INSTRUCTIONS TO FOLLOW:
Exactly as they appear below, repeat the lines from the one with "Tyrannosaurus Rex verkleidet" through the one with "Bộ Cọ Trang", and no others.

DATA UNDER STUDY:
--------

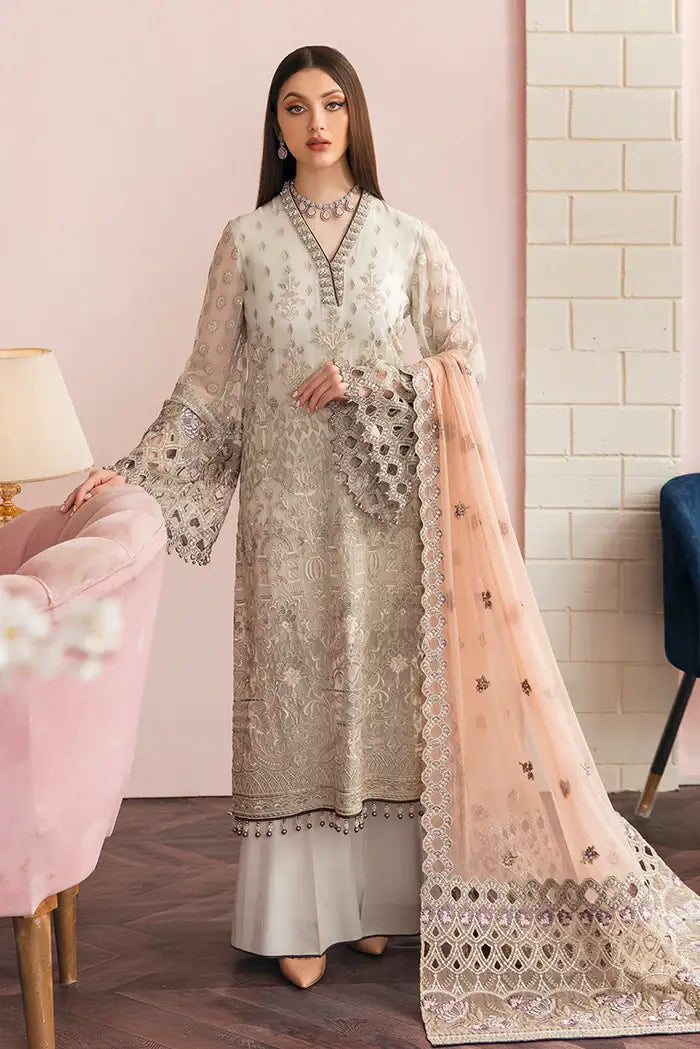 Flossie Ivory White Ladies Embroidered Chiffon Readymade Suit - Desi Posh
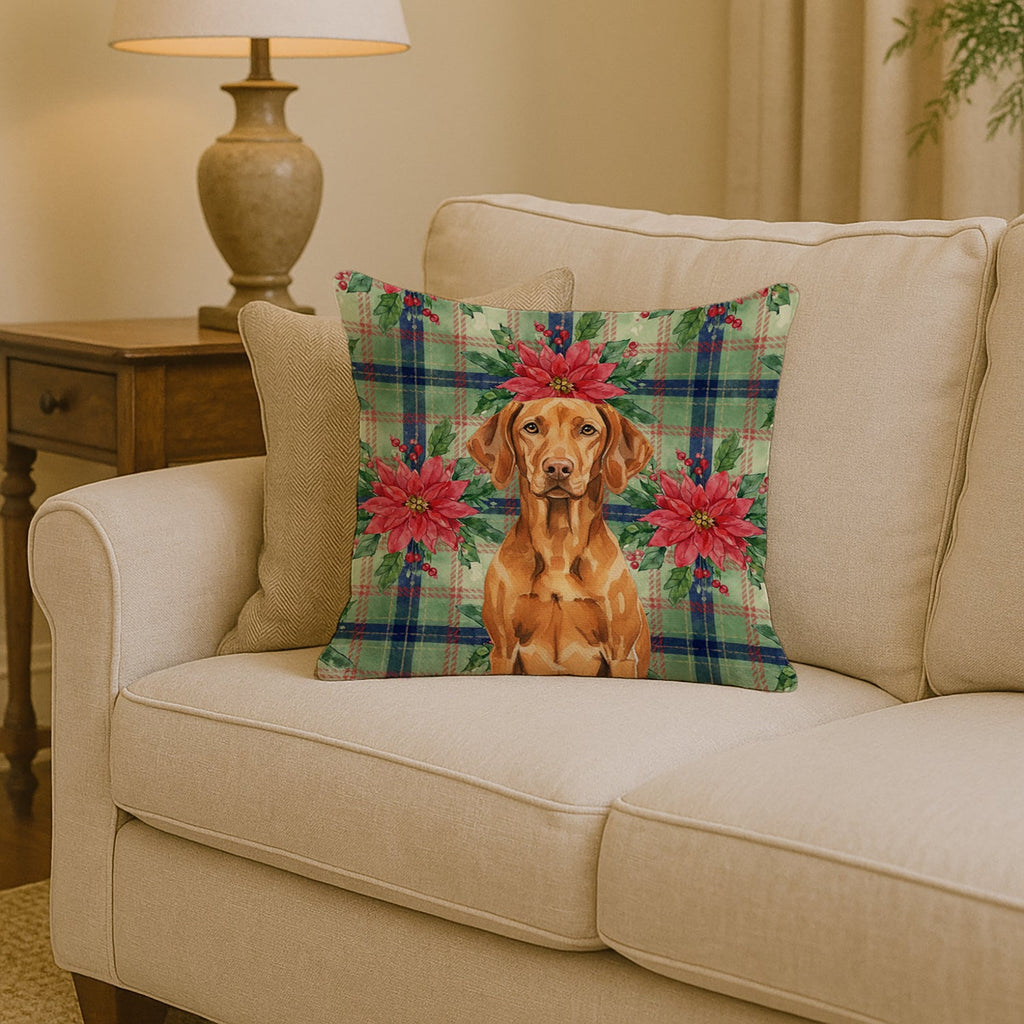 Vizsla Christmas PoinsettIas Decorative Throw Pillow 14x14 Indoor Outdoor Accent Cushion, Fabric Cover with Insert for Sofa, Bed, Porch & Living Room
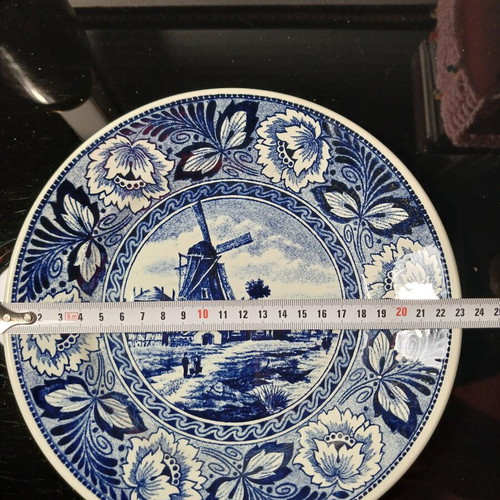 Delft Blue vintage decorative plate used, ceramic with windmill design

--------

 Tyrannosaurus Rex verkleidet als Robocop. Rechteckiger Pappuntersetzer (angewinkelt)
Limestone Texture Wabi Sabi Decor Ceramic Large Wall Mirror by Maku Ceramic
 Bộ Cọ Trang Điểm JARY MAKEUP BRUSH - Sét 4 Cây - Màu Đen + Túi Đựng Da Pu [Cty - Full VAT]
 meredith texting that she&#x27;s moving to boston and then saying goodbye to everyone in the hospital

--------

TASK RESULT:
 Tyrannosaurus Rex verkleidet als Robocop. Rechteckiger Pappuntersetzer (angewinkelt)
Limestone Texture Wabi Sabi Decor Ceramic Large Wall Mirror by Maku Ceramic
 Bộ Cọ Trang Điểm JARY MAKEUP BRUSH - Sét 4 Cây - Màu Đen + Túi Đựng Da Pu [Cty - Full VAT]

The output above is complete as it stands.